Exercise: The material below holds pictures; leave them out and reproduce exactly the lines from the one with "Motopneu 120/70-17 a 120/60-17 - 5" through the one with "Ma-Cabane - Vente Maison Varetz, 102 m²", inclusive.

Records supplied:
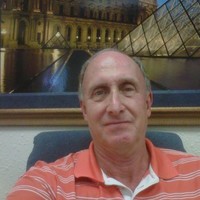 Mike Weinstein Email & Phone Number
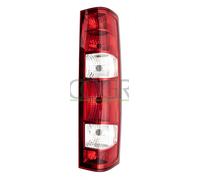 Lumière Arrière FT9274153 PRASCO Pour IVECO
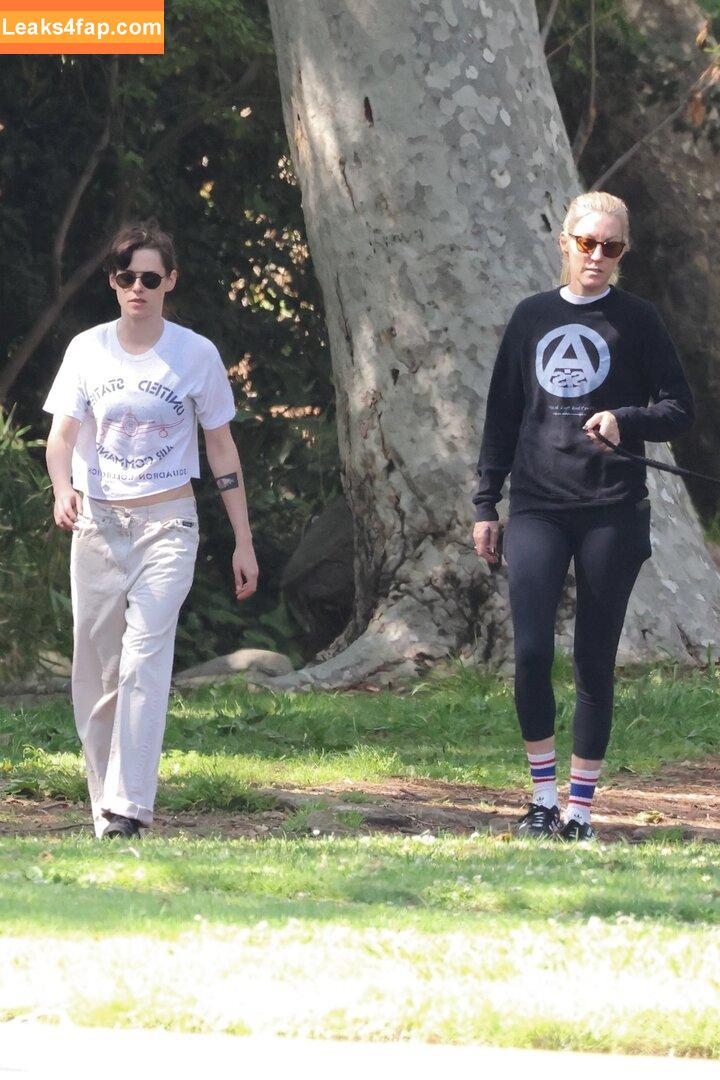 Kristen Stewart / kristenstewart / kristenstewartsu leaked photo photo #1107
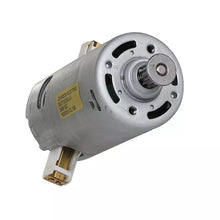 Dyaon Brush Bar Motor DC40 ERP DC41 DC55 DC75 Cleaner Head Brushroll Drive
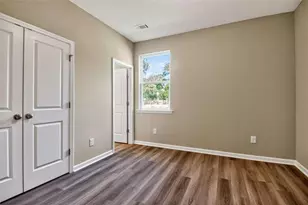 103 Gnome Ct, Perry, GA 31069 - Photo 11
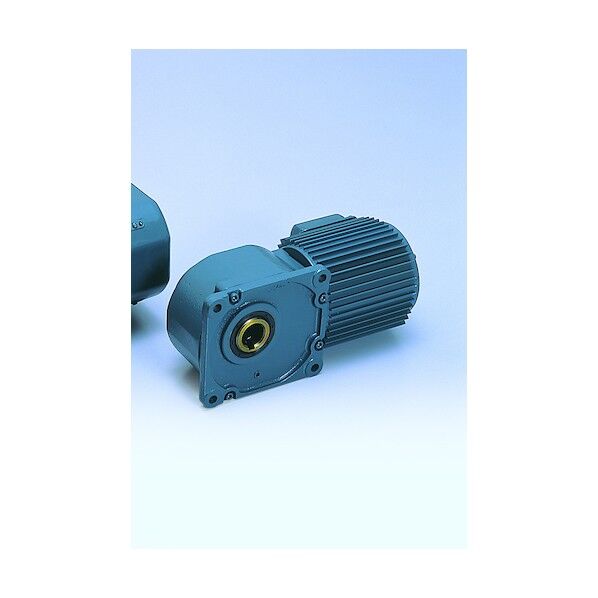 タカチ パネル脱着EMCシールドケース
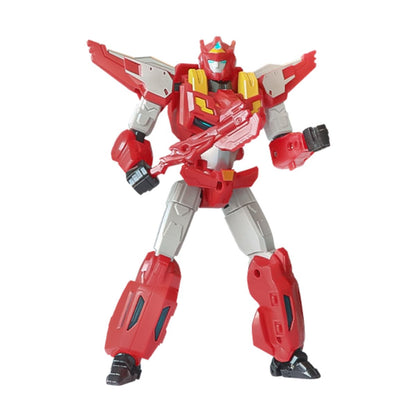 robot-bien-hinh-longarm-oai-ve-co-den-glory-alliance-660912-01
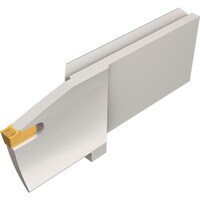 イスカルジャパン イスカル セルフグリップチップ用ブレード SGFFA SGFFA45L2 1本
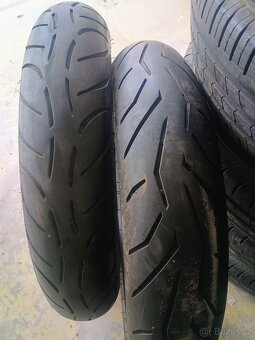 Motopneu 120/70-17 a 120/60-17 - 5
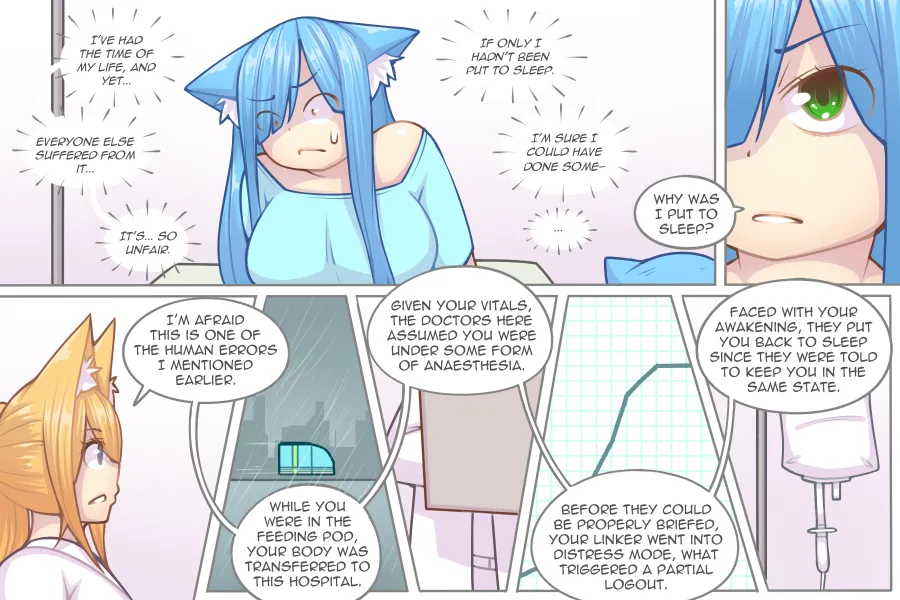 Manga Page 309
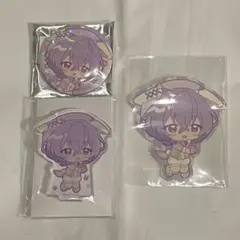 2026年最新】あんスタ 缶 ユメの人気アイテム - メルカリ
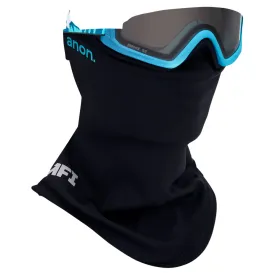 anon-maschera-da-sci-junior-tracker-2.0-mfi-face-mask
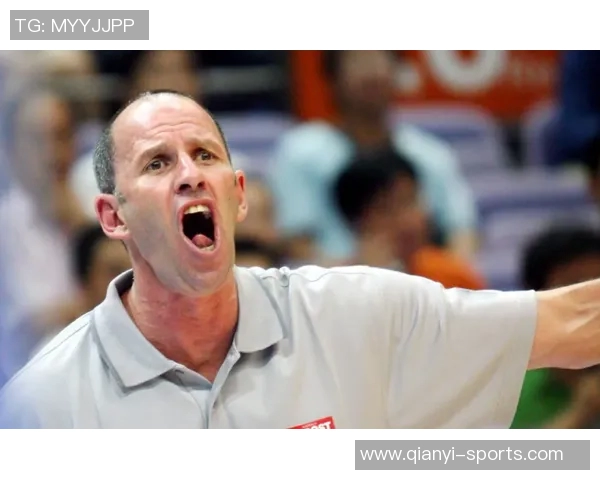 2025年五大联赛主教练输球场次统计澳波居首阿莫林紧随其后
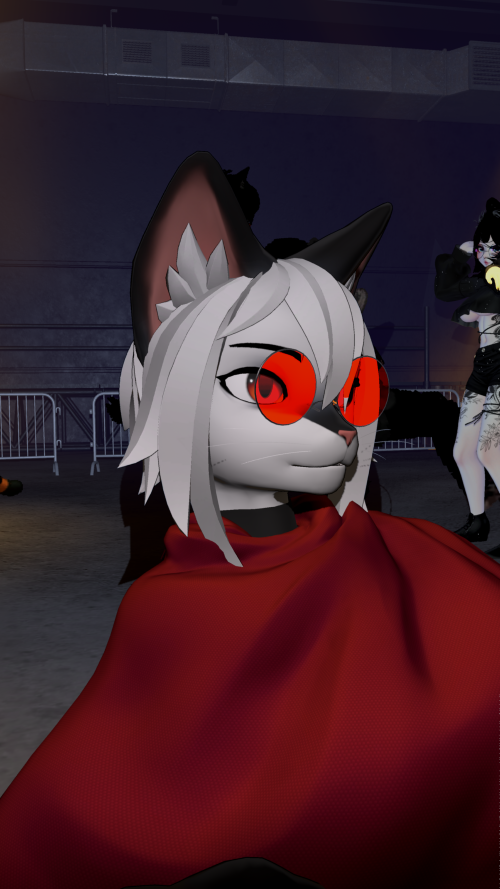 VRChat_2025-09-12_21-52-20.229_3840x2160.png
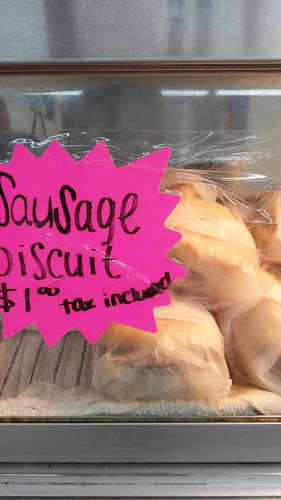 800 W Fairfield Rd, High Point, NC 27263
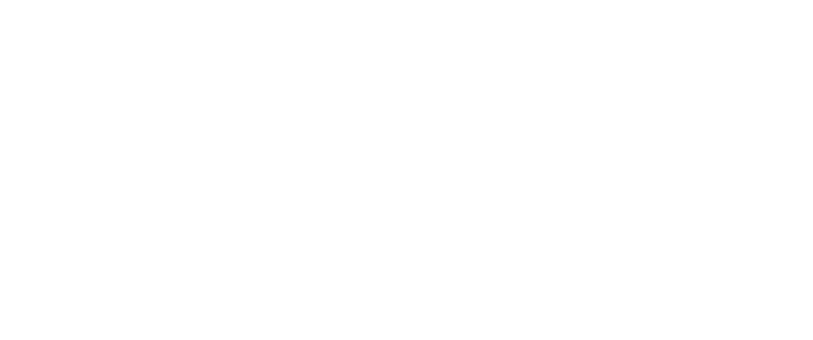 Triple Cherry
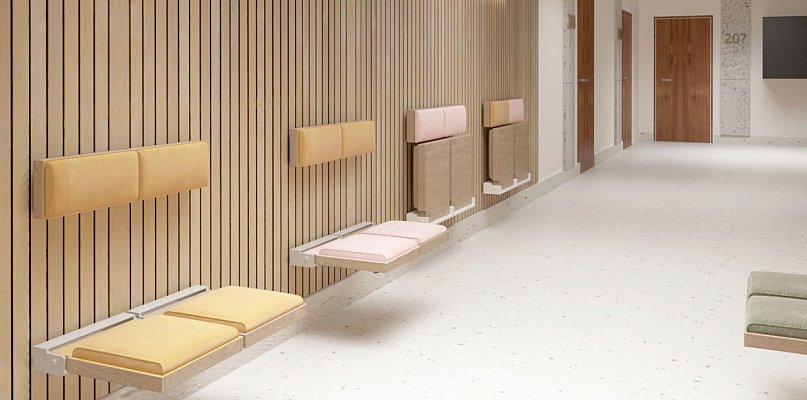 Jak będzie wyglądał Ogólniak po modernizacji (wizualizacja)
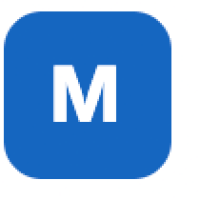 logo medixcom.fr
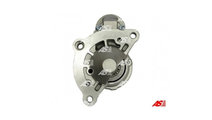 Starter Fiat SCUDO caroserie (220L) 1996-2006 #2 0...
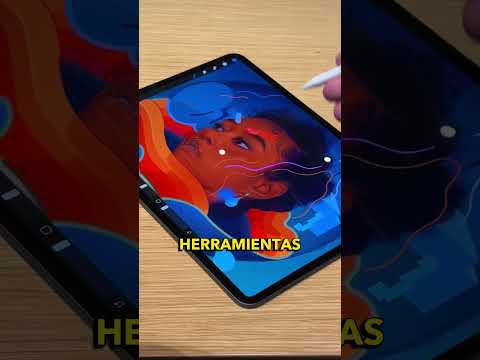 Nuevo iPad Air M3 – El chip lo hace revolucionario, pero el precio lo hace irresistible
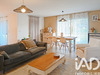 Ma-Cabane - Vente Maison Varetz, 102 m²
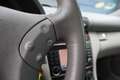 Mercedes-Benz C 240 Elegance | Trekhaak | Cruise control | Stoelverwar Schwarz - thumbnail 9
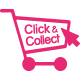 Click&Collect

Written response:
 Motopneu 120/70-17 a 120/60-17 - 5
 Manga Page 309
 2026年最新】あんスタ 缶 ユメの人気アイテム - メルカリ
 anon-maschera-da-sci-junior-tracker-2.0-mfi-face-mask
 2025年五大联赛主教练输球场次统计澳波居首阿莫林紧随其后
 VRChat_2025-09-12_21-52-20.229_3840x2160.png
 800 W Fairfield Rd, High Point, NC 27263
 Triple Cherry
 Jak będzie wyglądał Ogólniak po modernizacji (wizualizacja)
 logo medixcom.fr
 Starter Fiat SCUDO caroserie (220L) 1996-2006 #2 0...
 Nuevo iPad Air M3 – El chip lo hace revolucionario, pero el precio lo hace irresistible
 Ma-Cabane - Vente Maison Varetz, 102 m²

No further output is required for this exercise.